Should be mandatroy reading in college:

John Adams is clearly one of the leading thinkers not only regarding Risk Management, but also decision-making where risk is involved. If you are expecting a book that limits itself to accident prevention and the purchase of insurance, you will be dilightfully suprised to find that Adams provides universal frameworks that apply to the entire universe of risk. Nor is this merely an ivory tower philosophical romp. Adams applies his frameworks to everything from the value of infant car seats to global warming to “zero accident” policies in the workplace and does so with wit and empirical data. His conclusions are often very counterintuitive, but he provides the data to back up his conclusions, often with surprising results (for example, that mandatory infant car seats was correlated with an increase in infant deaths in auto accidents and that seat belt laws did not decrease injuries in auto accidents).

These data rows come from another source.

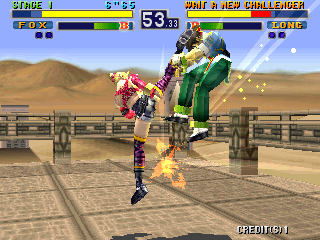 Bloody Roar (Arcade) screenshot: Hard kick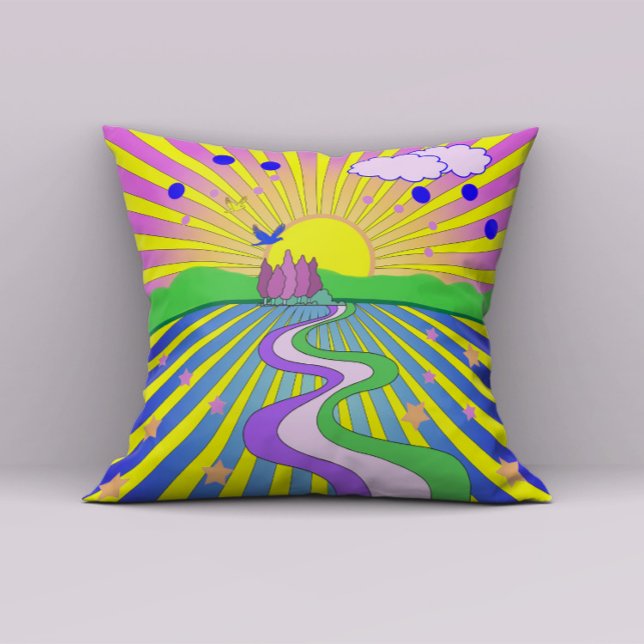 Summer of Love Colourful Psychedelic 60s 70s Throw Pillow (Creator Uploaded)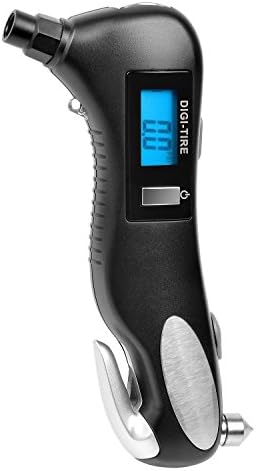 Rayhome Digital Tire Gauge 4 in 1 Tire LED Pressure Portable Air Gauge, 150 PSI, glass breaker, Seat belt cutter for car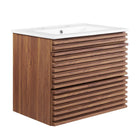 Modway Render 24" Wall-Mount Bathroom Vanity - Walnut/White-Mid-Century Modern Vanity
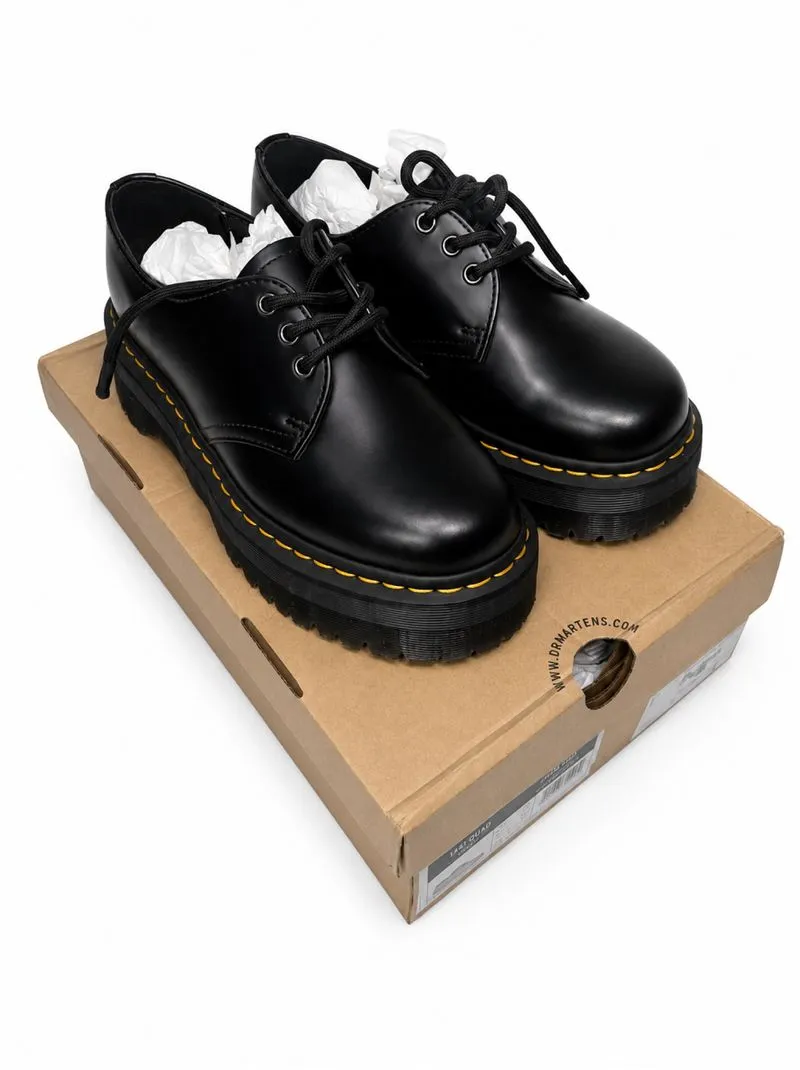 Dr Martens 3 eye quad black 1461 polished smooth docmart photo 1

The reader cannot help but benefit from Adam’s wisdom, and he will enjoy the experience as well. The book is writen so well that I finished it with sadness; I was hoping that it would go on for at least another 100 pages. Having read scores of risk related articles and books, I can attest to the rarity of this feeling–I am usually begging for the end at about page 10. It takes great ideas and a masterful pen to acheive this, and Adams has both in abundance. If you are in the risk or safety professions (or work in the political realm) this book is required reading.

Challenge Your Risk Foundation:

This book is a by product of a research project called “Risk and Rationality.”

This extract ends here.